Clouds gather over emerging markets
Emerging markets had a good 2016, says Andrew Van Sickle. But what does next year hold?
Emerging markets had a good 2016. The MSCI Emerging Markets index outperformed developed-market stocks until November, and is now around 7% up for the year. China's recovery, which helped drive a commodities rebound, the easing recessions in Brazil and Russia and loose global monetary policy all bolstered sentiment. But emerging-market stocks "are unlikely to have it so easy" in 2017, says Capital Economics.
Trump's arrival is stoking concern over protectionism always a major headache for developing states because they depend more on trade than their industrialised counterparts. With Trump threatening to name China a "currency manipulator", geopolitical tension "will probably affect Asian markets already under pressure from rising US rates", note Roger Blitz and Elaine Moore in the Financial Times.
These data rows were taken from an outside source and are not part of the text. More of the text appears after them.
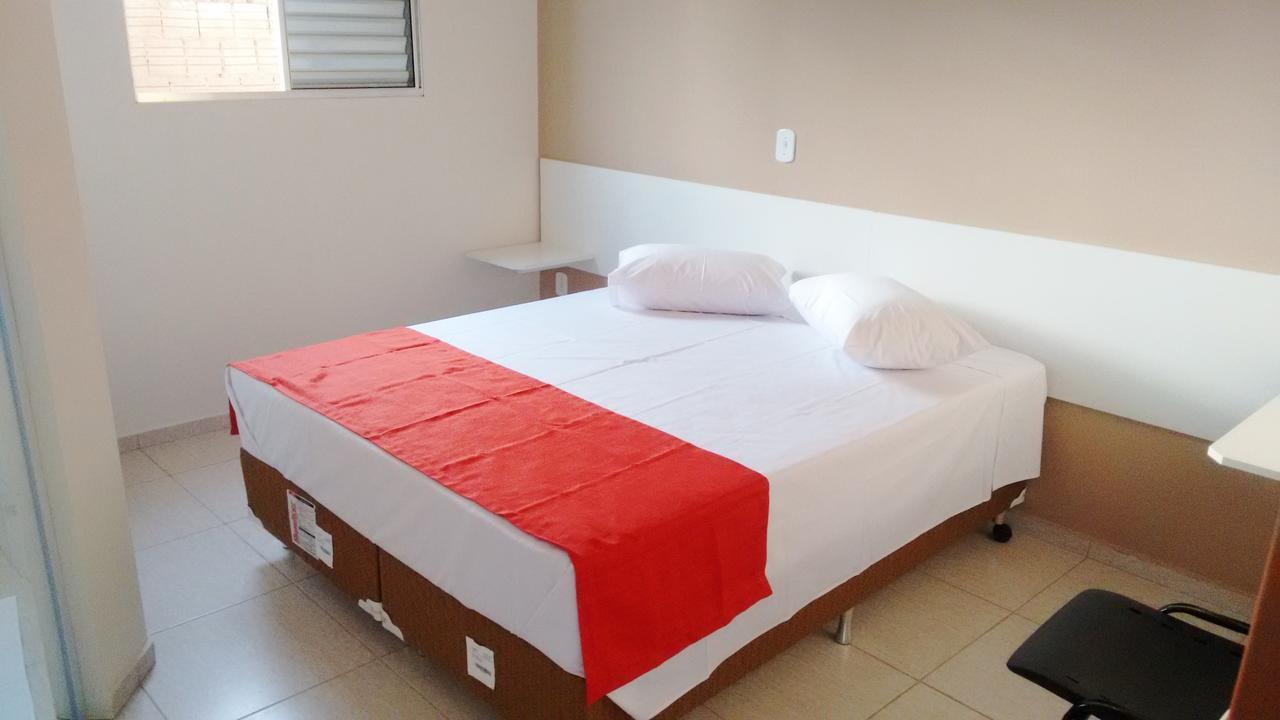 Casas Novas 2*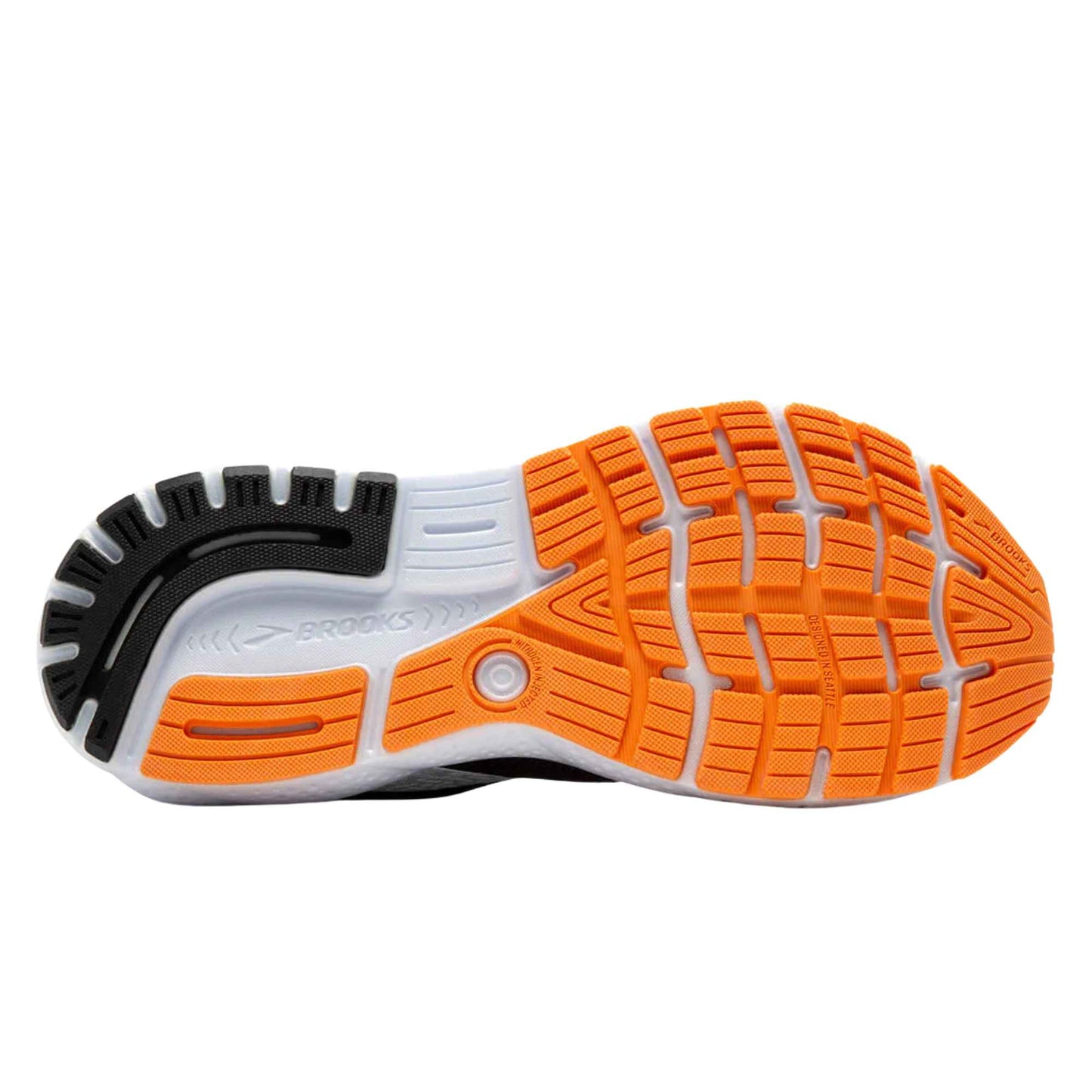 BROOKS WOMEN'S GHOST 16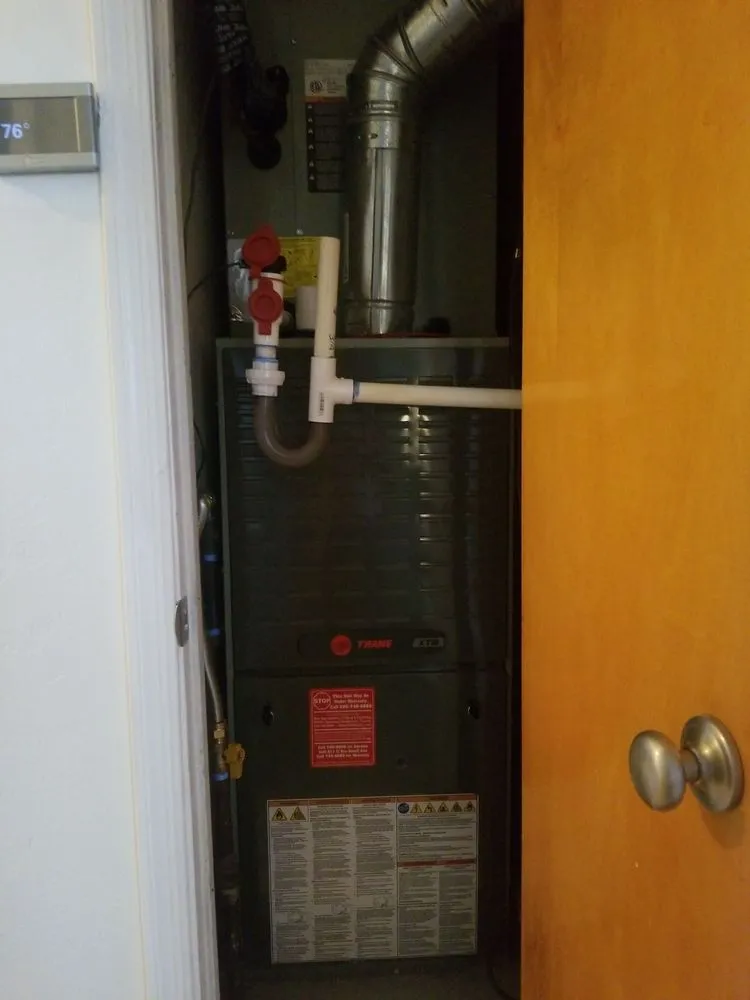 Slide of Alltech Solutions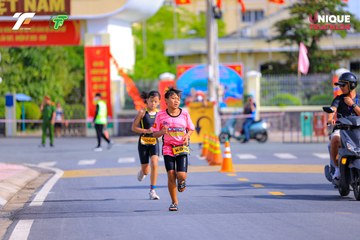 Ảnh sự kiện VIET NAM TRI FACTOR CHAMPIONSHIP x HO CHI MINH CITY CHAMPIONSHIP NĂM 2025 - 1999025b03d65ea4fdd4c71168f60493.jpg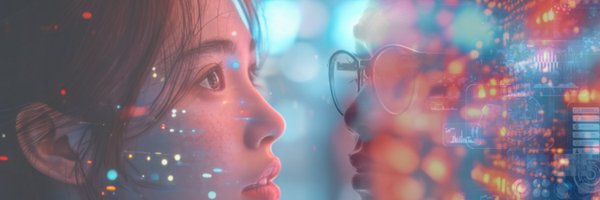 TweetBrookcourt Profile Banner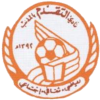 https://img.baizhiqd.com/img/football/team/901513faf7c0ec56090806af9b2834cc.png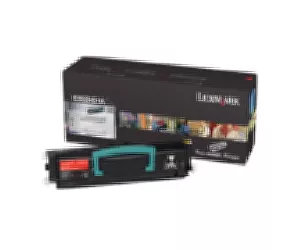 Lexmark E350H80G
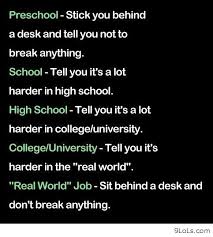 Paige Burson (pburson91804)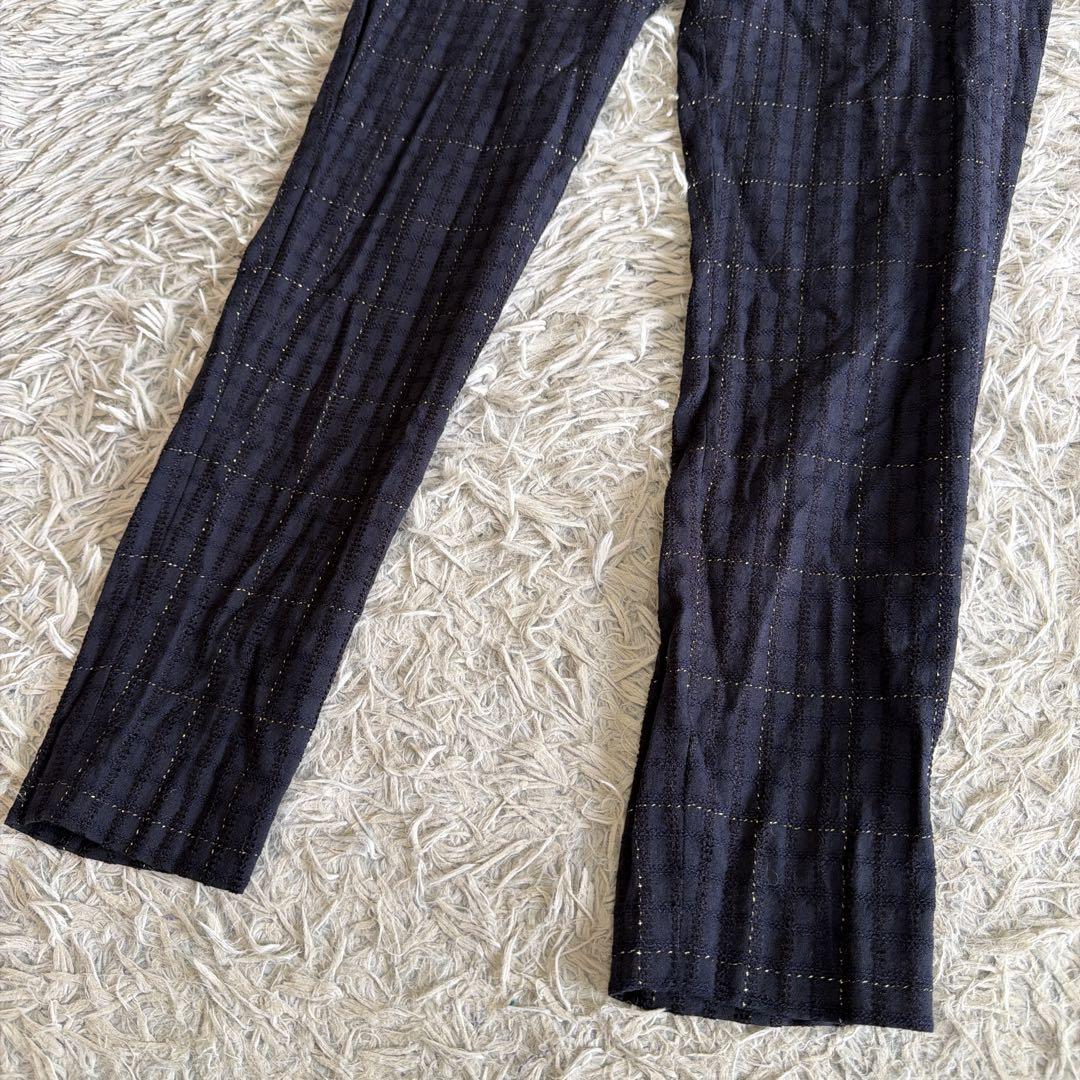 Tomorrowland Slacks 34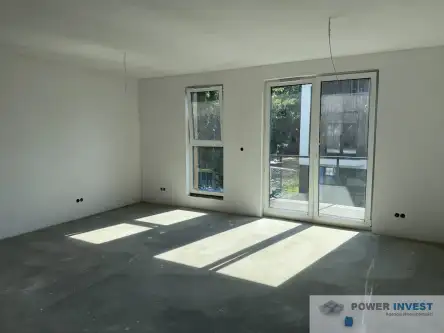 Kraków ,  gen. Michała Karaszewicza-Tokarzewskiego   4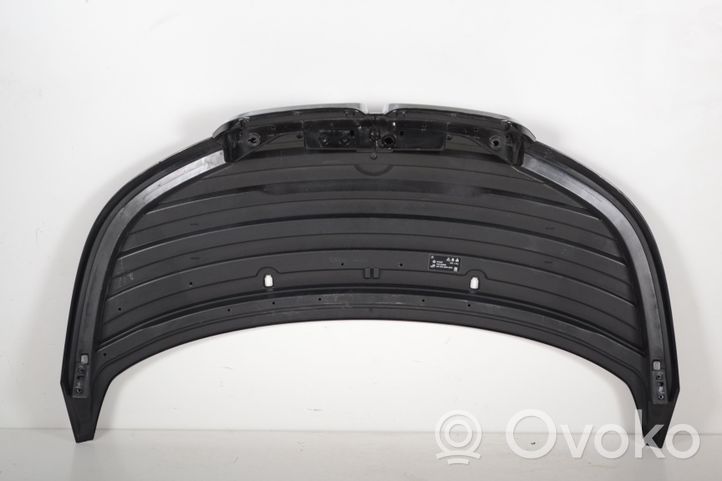 BMW i3 Engine bonnet/hood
A higher yield on US assets draws capital away from emerging markets, a trend likely to accelerate if tightening happens faster than anticipated. China will be wary of racking up too much more debt, so it may withdraw some stimulus this year. Low valuations are bullish, however, and may help if political jitters settle. Russia could prove a bright spot given Trump's pro-Putin proclivities: he may soften Russian sanctions. Throw in the oil revival, says the FT's Eric Platt, and it's no wonder investors are already piling into Russian funds.